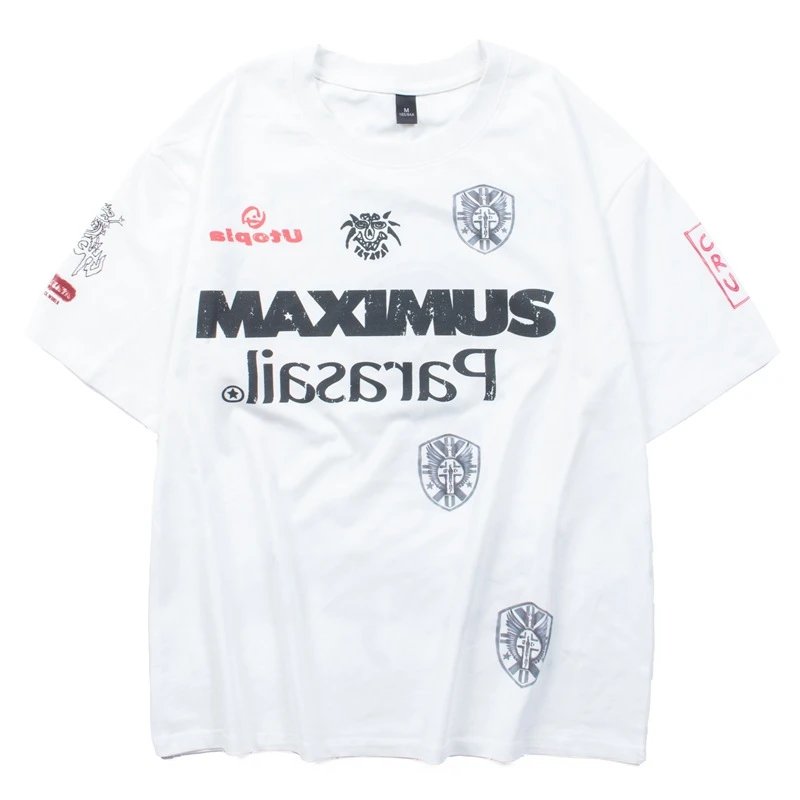 Design Slogan Mesh Jersey Black / White - 42
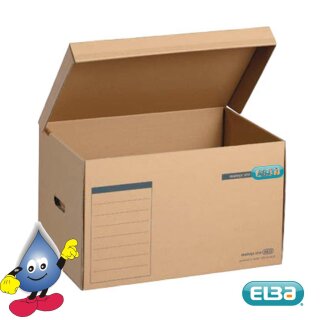 10 ELBA Archivcontainer Tric System - hier passt was rein - z.B. 6 Ordner a 8cm...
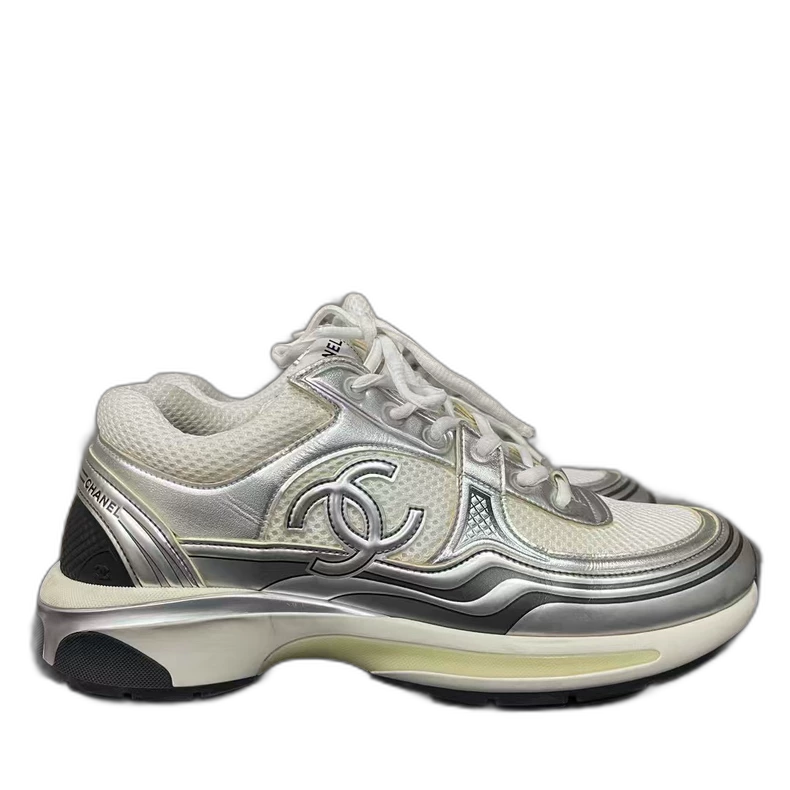 Chanel Silver Sports Sneakers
────────────────────────────────────────
-- What to work on --
Retype the data word for word and keep the pictures out of it.

-- Task solution --
 Design Slogan Mesh Jersey Black / White - 42
 10 ELBA Archivcontainer Tric System - hier passt was rein - z.B. 6 Ordner a 8cm...
 Chanel Silver Sports Sneakers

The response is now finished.